Enfin, l’augmentation des populations entraîne une augmentation des besoins à la fois pour l’habitat des particuliers et pour répondre aux besoins croissants en infrastructures publiques. Bien qu’on observe une tendance à la construction en dur à Maripa-Soula bourg et Papaïchton, le bois reste un matériau dominant dans la construction sur les différents territoires. De plus, la commande publique est consommatrice avec la construction de bâtiments à dominante bois (Etablissements scolaires, culturels, bureaux…). Dans les sites plus isolés (Camopi, Trois Sauts, villages amérindiens du Haut Maroni), le bois reste aussi majoritaire dans l’habitat.
Dans un contexte de changement dans les différents bassins de vie, plusieurs modes d’exploitation du bois se conjuguent sur le territoire du PAG en fonction des marchés existants et des conditions physiques d’accès à la ressource. Quelques habitants seulement produisent eux même leur bois pour la construction. Les entreprises productrices de bois se concentrent à Maripa-Soula bourg (3 unités), Papaïchton (2 unités) et Saül (2 unités). Elles combinent systématiquement exploitation de bois et sciage.

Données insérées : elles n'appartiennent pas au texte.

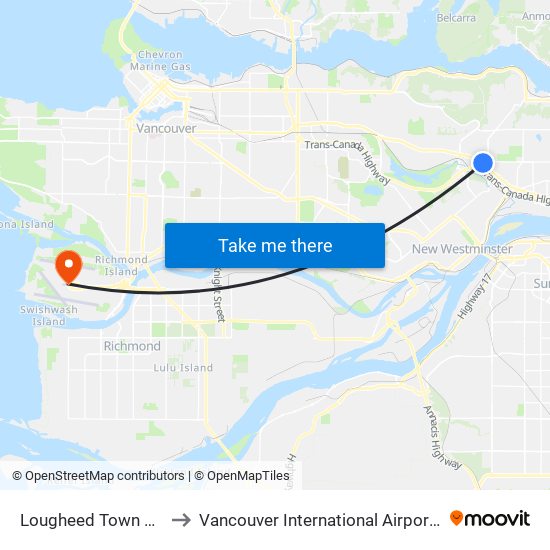 Lougheed Town Centre Station to Vancouver International Airport - Domestic Terminal map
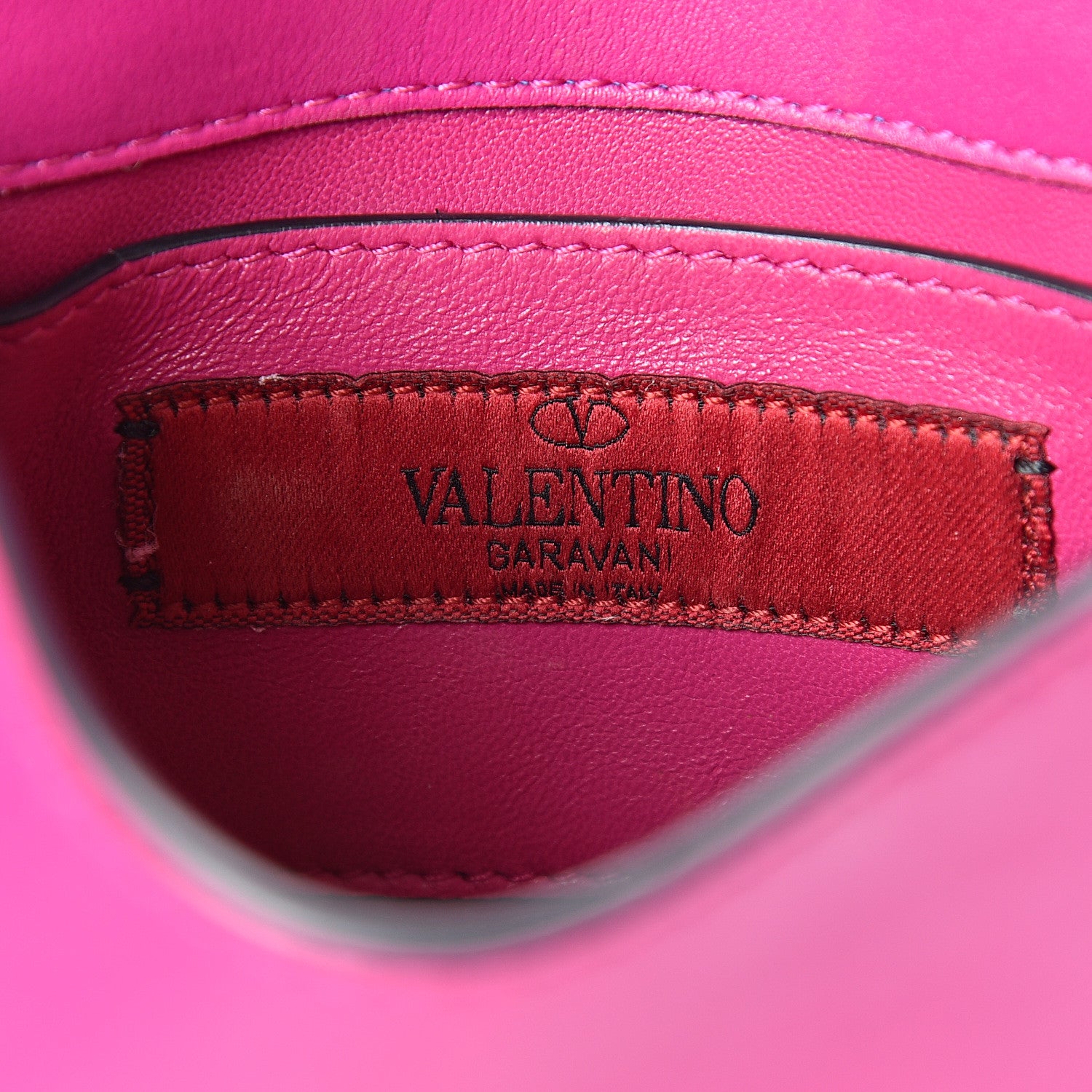 Valentino Garavani Vitello Rockstud Halfmoon Saddle Bag Fuxia Black 6 of 14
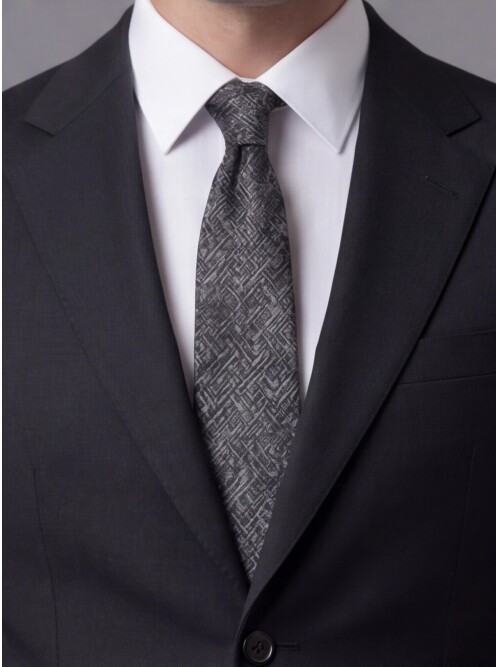 Siyah Mono Yaka İki Düğmeli Slim Fit Takım Elbise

A ce jour, toute la production est effectuée en forêt, avec utilisation de scies mobiles et transport de bois scié vers les bourgs essentiellement par voie terrestre pour la vente (unité de production hors forêt avec scie fixe en cours de structuration à Maripa-Soula.

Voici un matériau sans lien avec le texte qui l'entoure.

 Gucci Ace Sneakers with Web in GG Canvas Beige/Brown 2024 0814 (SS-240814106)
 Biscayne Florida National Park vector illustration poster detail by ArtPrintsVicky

Dans les sites plus isolés des territoires amérindiens (Haut Maroni et Haut Oyapock), des porteurs de projets émergent pour répondre aux besoins des particuliers et de la commande publique (renvoie vers actions Microprojets + formations). Dans ces zones, à ce jour, l’exploitation et le sciage sont effectués en forêt avec utilisation de gruminettes (photo sciage gruminette) et transport de bois scié vers les villages essentiellement par voie fluviale. Ainsi, l’exploitation se concentre le long des fleuves pour faciliter le transport du bois à dos d’homme jusqu’aux berges. Les conditions d’accès à la ressource et les marchés restreints expliquent qu’à ce jour les porteurs de projet n’investissent pas dans du matériel de sciage plus performant.
Bois d’artisanat
Le bois est aussi utilisé pour l’artisanat (objets d’art, mobilier, ustensiles) et la fabrication de pirogues. Dans ce cas, le bois est généralement exploité par les artisans eux même (renvoie articles patrimoine bâti, patrimoine mobilier pour détail sur les produits). Pour les pirogues, l’arbre est abattu en forêt et creusé sur place avant d’être transporté vers les villages pour finaliser la construction. Pour l’artisanat, l’arbre est abattu et le bois prélevé au fur et à mesure au gré des besoins.
Bois de chauffe
Le bois de chauffe reste largement utilisé pour la cuisine quotidienne dans les villages amérindiens et pour la cuisson du couac et les bains dans les villages aluku. Il est généralement produit dans les abattis à partir des rémanents de coupe. A Maripa-Soula, il existe une entreprise de production de bois de chauffe qui vend essentiellement du Gombé (bois anguille), essence particulièrement appréciée pour ses pouvoirs calorifiques et exploitée le long des berges.